Required work:
Repeat the data in full. No line may differ from the original.

Excerpted data:
##########
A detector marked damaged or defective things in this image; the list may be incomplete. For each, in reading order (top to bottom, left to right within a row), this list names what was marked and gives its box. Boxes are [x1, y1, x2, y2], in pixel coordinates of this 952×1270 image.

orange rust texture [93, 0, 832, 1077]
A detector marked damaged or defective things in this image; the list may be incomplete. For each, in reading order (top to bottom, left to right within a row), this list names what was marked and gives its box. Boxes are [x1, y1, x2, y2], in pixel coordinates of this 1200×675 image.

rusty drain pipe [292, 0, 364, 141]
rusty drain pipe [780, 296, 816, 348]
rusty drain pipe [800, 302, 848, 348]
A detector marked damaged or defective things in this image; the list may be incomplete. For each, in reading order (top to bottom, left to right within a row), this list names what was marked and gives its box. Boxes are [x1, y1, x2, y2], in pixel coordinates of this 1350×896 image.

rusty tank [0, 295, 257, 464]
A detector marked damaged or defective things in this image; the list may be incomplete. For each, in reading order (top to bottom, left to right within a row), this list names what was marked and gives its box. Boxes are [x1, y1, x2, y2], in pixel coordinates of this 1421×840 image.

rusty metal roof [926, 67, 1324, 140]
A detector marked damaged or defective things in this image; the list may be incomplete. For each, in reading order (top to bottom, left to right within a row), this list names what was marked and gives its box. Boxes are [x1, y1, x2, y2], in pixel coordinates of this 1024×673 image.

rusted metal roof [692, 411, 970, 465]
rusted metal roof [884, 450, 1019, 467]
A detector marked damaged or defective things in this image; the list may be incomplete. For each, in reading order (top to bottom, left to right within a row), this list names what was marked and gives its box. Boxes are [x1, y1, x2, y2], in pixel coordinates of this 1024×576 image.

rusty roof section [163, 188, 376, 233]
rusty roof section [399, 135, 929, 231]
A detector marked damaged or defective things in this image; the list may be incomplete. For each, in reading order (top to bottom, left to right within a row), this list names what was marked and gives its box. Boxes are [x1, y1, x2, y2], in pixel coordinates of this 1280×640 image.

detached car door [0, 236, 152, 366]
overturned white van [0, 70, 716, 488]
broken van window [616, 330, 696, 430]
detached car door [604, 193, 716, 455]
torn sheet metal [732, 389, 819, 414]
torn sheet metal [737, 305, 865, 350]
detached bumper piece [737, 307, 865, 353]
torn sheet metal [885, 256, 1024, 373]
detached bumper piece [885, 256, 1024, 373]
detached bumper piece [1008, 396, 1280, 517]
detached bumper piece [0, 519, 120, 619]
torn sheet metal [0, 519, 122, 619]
##########
Response for this exercise:
A detector marked damaged or defective things in this image; the list may be incomplete. For each, in reading order (top to bottom, left to right within a row), this list names what was marked and gives its box. Boxes are [x1, y1, x2, y2], in pixel coordinates of this 952×1270 image.

orange rust texture [93, 0, 832, 1077]
A detector marked damaged or defective things in this image; the list may be incomplete. For each, in reading order (top to bottom, left to right within a row), this list names what was marked and gives its box. Boxes are [x1, y1, x2, y2], in pixel coordinates of this 1200×675 image.

rusty drain pipe [292, 0, 364, 141]
rusty drain pipe [780, 296, 816, 348]
rusty drain pipe [800, 302, 848, 348]
A detector marked damaged or defective things in this image; the list may be incomplete. For each, in reading order (top to bottom, left to right within a row), this list names what was marked and gives its box. Boxes are [x1, y1, x2, y2], in pixel coordinates of this 1350×896 image.

rusty tank [0, 295, 257, 464]
A detector marked damaged or defective things in this image; the list may be incomplete. For each, in reading order (top to bottom, left to right within a row), this list names what was marked and gives its box. Boxes are [x1, y1, x2, y2], in pixel coordinates of this 1421×840 image.

rusty metal roof [926, 67, 1324, 140]
A detector marked damaged or defective things in this image; the list may be incomplete. For each, in reading order (top to bottom, left to right within a row), this list names what was marked and gives its box. Boxes are [x1, y1, x2, y2], in pixel coordinates of this 1024×673 image.

rusted metal roof [692, 411, 970, 465]
rusted metal roof [884, 450, 1019, 467]
A detector marked damaged or defective things in this image; the list may be incomplete. For each, in reading order (top to bottom, left to right within a row), this list names what was marked and gives its box. Boxes are [x1, y1, x2, y2], in pixel coordinates of this 1024×576 image.

rusty roof section [163, 188, 376, 233]
rusty roof section [399, 135, 929, 231]
A detector marked damaged or defective things in this image; the list may be incomplete. For each, in reading order (top to bottom, left to right within a row), this list names what was marked and gives its box. Boxes are [x1, y1, x2, y2], in pixel coordinates of this 1280×640 image.

detached car door [0, 236, 152, 366]
overturned white van [0, 70, 716, 488]
broken van window [616, 330, 696, 430]
detached car door [604, 193, 716, 455]
torn sheet metal [732, 389, 819, 414]
torn sheet metal [737, 305, 865, 350]
detached bumper piece [737, 307, 865, 353]
torn sheet metal [885, 256, 1024, 373]
detached bumper piece [885, 256, 1024, 373]
detached bumper piece [1008, 396, 1280, 517]
detached bumper piece [0, 519, 120, 619]
torn sheet metal [0, 519, 122, 619]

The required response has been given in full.